Seputih padi ditanak rindu, harap sesuap menikmati arti (XI: XLI).
Nasib doa semalam, siangnya ranum apel puja-puji kelestarian
membuka pepintu awan, dan perasaan rebah pelahan-lahan (XI: XLII).
Derap rombongan angin rimba fajar menyisakan kelembutan, pandanglah
mawar di taman timur, warnanya bergantian, tak kenal surut seraut kenang (XI: XLIII).
Sungguh tiada pernah menghentikan kejaran, tidak menginjak rerumputan
melintasi lintang saling cemburu, memahami cemberut
di setiap mengunjungi paras permaisurimu (XI: XLIV).
Bintang tak berwaktu, doa terjatuh, karam di lautan demam (XI: XLV).

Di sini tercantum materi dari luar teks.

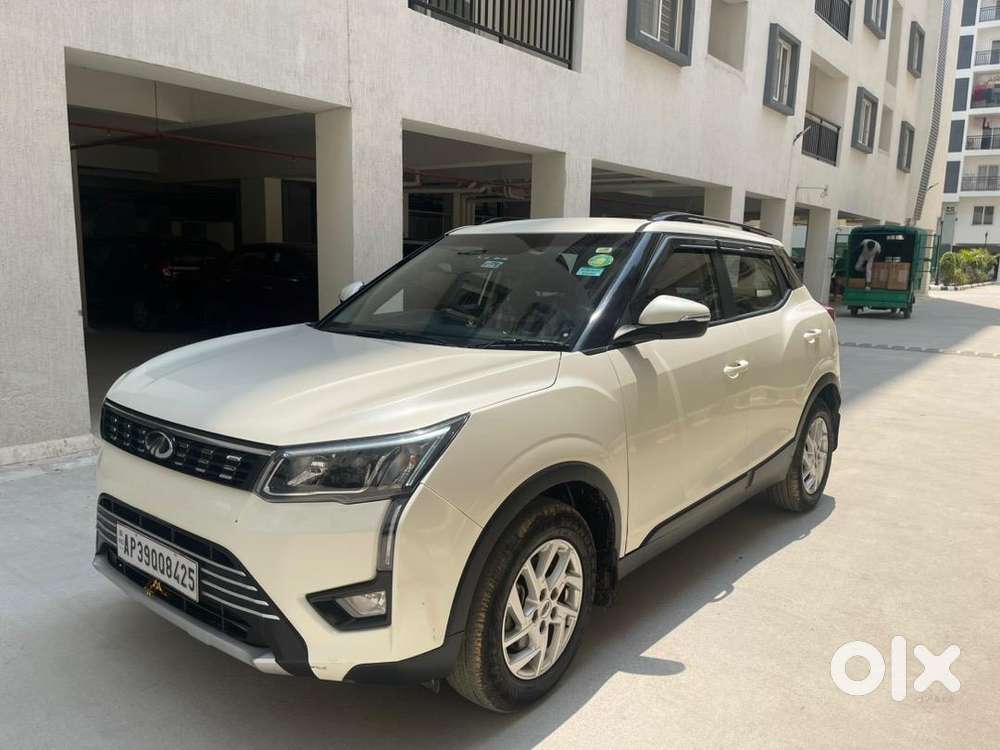 Mahindra Xuv300 2022 Petrol 18000 Km Driven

Ditarik senjakala, bebuah terhanyut aliran sungai mengarungi teka-teki,
bertumpukan masa kerongkongan pendayung terbakar anggur rindu (XI: XLVI).
Siang mengajarkan kemuliaan bimbang, tidak diambili rerantai teluk-kutub
seakan hajat tidak mau terkabulkan, merindu enggan badan penasaran (XI: XLVII).

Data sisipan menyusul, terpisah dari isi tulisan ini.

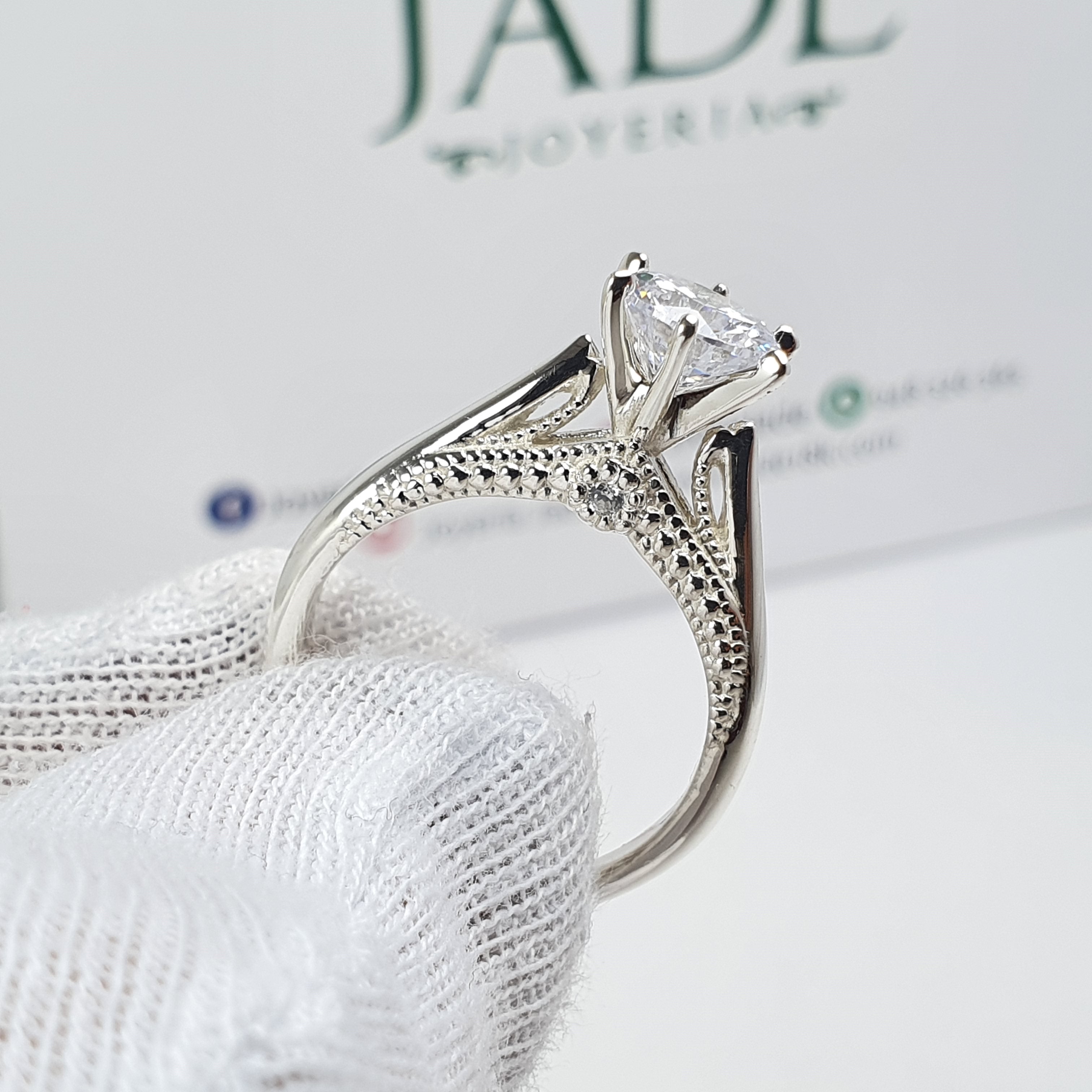 Anillo de Compromiso en Plata Solitario Premiun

Biarkan membebas sampai tahu kematian tanpa membaca
yang terahasia dalam lebam jiwa (XI: XLVIII).
Ia tidak membuang waktu di sesal batu,
tapi terus menggelinding, membekasi setiap laluan melestarikanmu (XI: XLIX)
; doa ibarat langgam, surut-tergulung tarian sendiri,
puncaknya terjadi, manakala ombak bersemangat (XI: L).
Teguklah ilmu di teluk bisu dalam ceruk cahaya, jangan buta mata,
eratkan peganganmu, juga tampung percik berdenyut kasih sayang (XI: LI).
Asmara menyapa kali itu ialah salam damai bagimu,
berkendara angin waktu menyetubuhi ruang subuh (XI: LII).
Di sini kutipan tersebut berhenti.